Task goal
Return the lines of the listing below exactly as they appear, beginning at the one with "Image result for American gothic" and stopping after the one with "DERMOZOIL Plus Crema 100ml DERMOZOIL"; do not include pictures.

(Records provided)

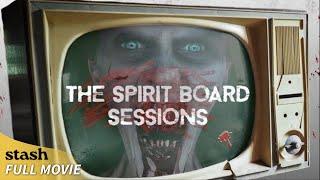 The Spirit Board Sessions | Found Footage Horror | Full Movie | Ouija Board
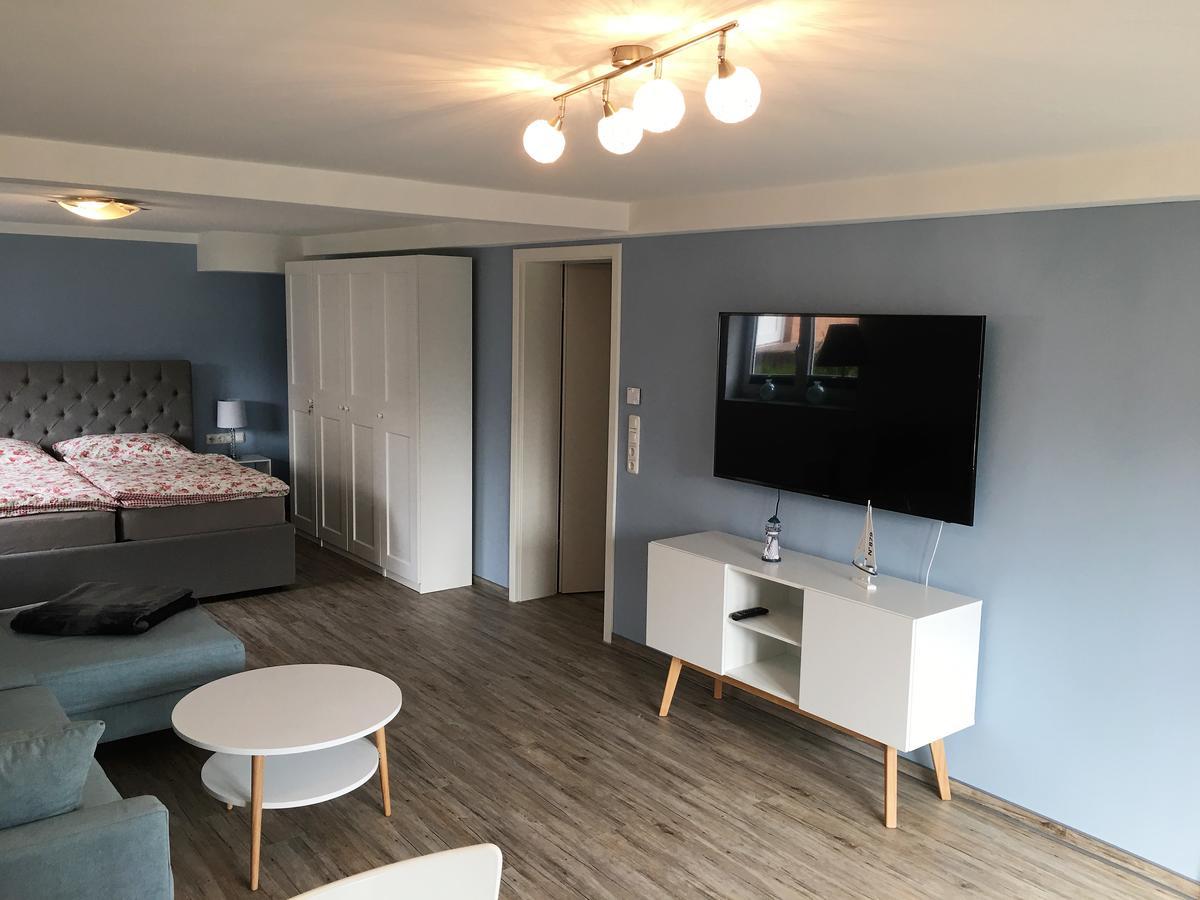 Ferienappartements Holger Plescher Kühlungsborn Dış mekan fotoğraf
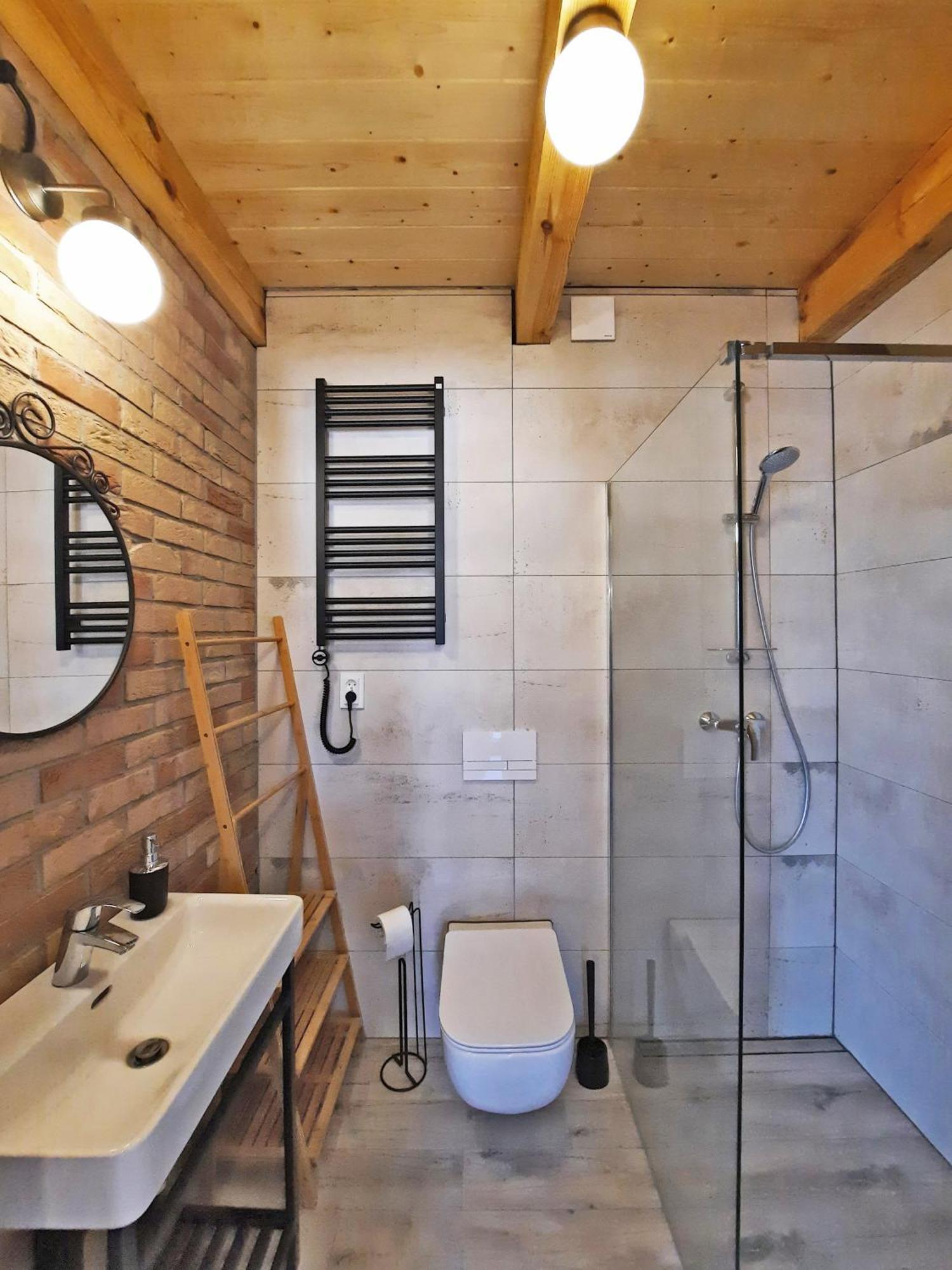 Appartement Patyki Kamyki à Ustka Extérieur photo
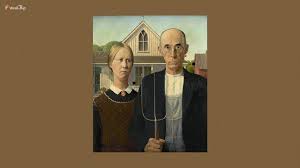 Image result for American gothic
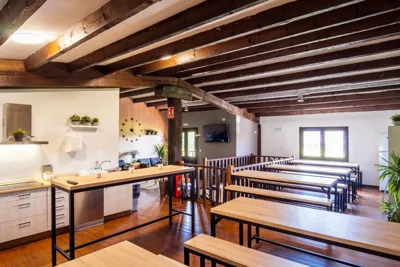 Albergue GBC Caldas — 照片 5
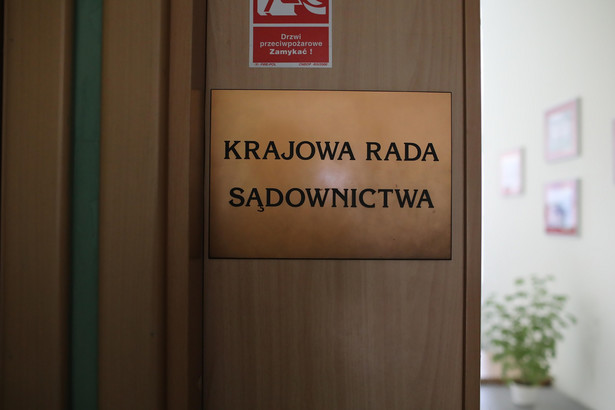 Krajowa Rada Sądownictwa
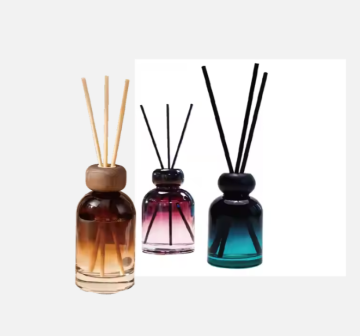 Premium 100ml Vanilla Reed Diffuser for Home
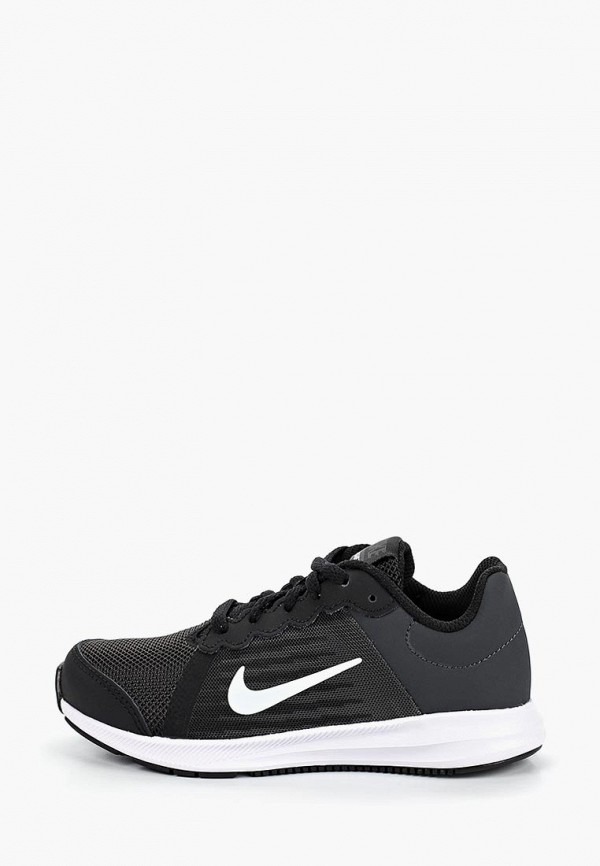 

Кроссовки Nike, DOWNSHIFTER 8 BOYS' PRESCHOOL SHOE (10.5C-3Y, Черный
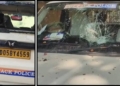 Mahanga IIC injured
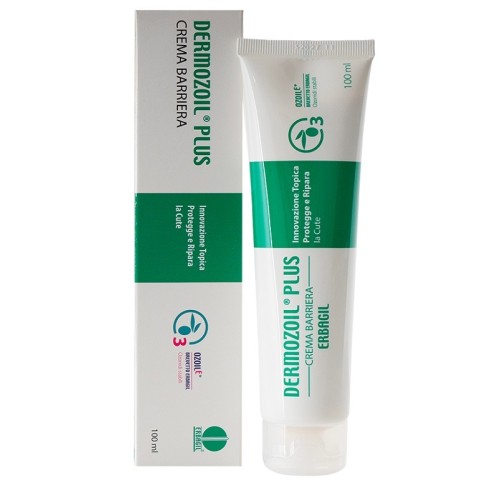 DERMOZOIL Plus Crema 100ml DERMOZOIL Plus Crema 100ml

(End Records provided)
(Records provided)

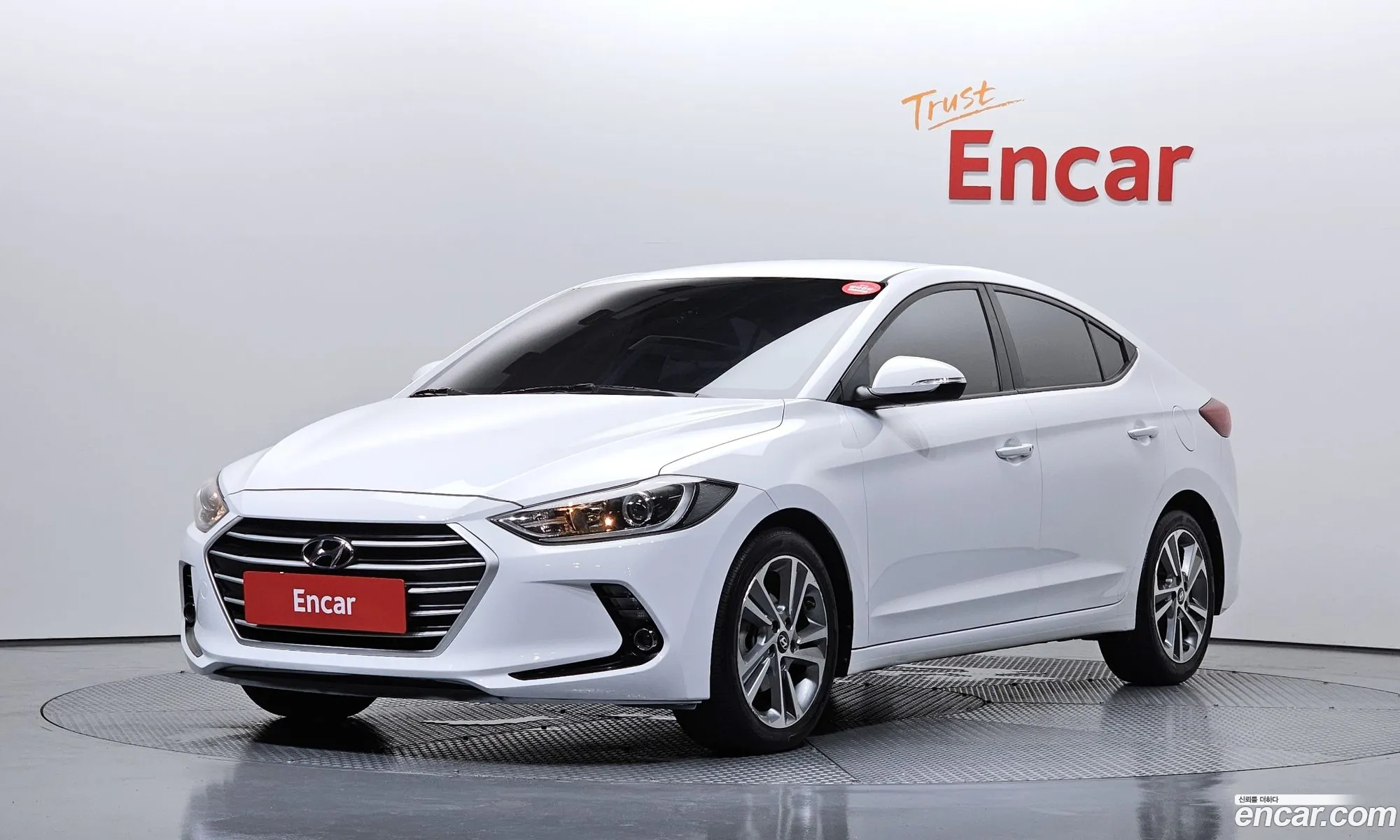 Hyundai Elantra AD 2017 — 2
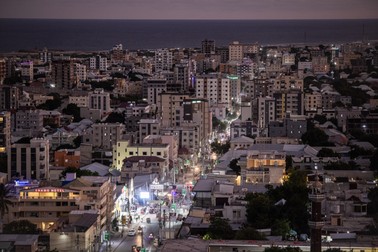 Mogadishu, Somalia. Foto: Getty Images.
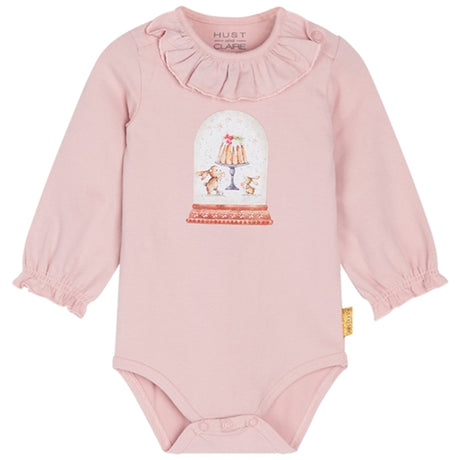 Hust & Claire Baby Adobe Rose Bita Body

(End Records provided)

Exercise answer
 Image result for American gothic
 Albergue GBC Caldas — 照片 5
 Krajowa Rada Sądownictwa
 Premium 100ml Vanilla Reed Diffuser for Home

Кроссовки Nike, DOWNSHIFTER 8 BOYS' PRESCHOOL SHOE (10.5C-3Y, Черный
 Mahanga IIC injured
 DERMOZOIL Plus Crema 100ml DERMOZOIL Plus Crema 100ml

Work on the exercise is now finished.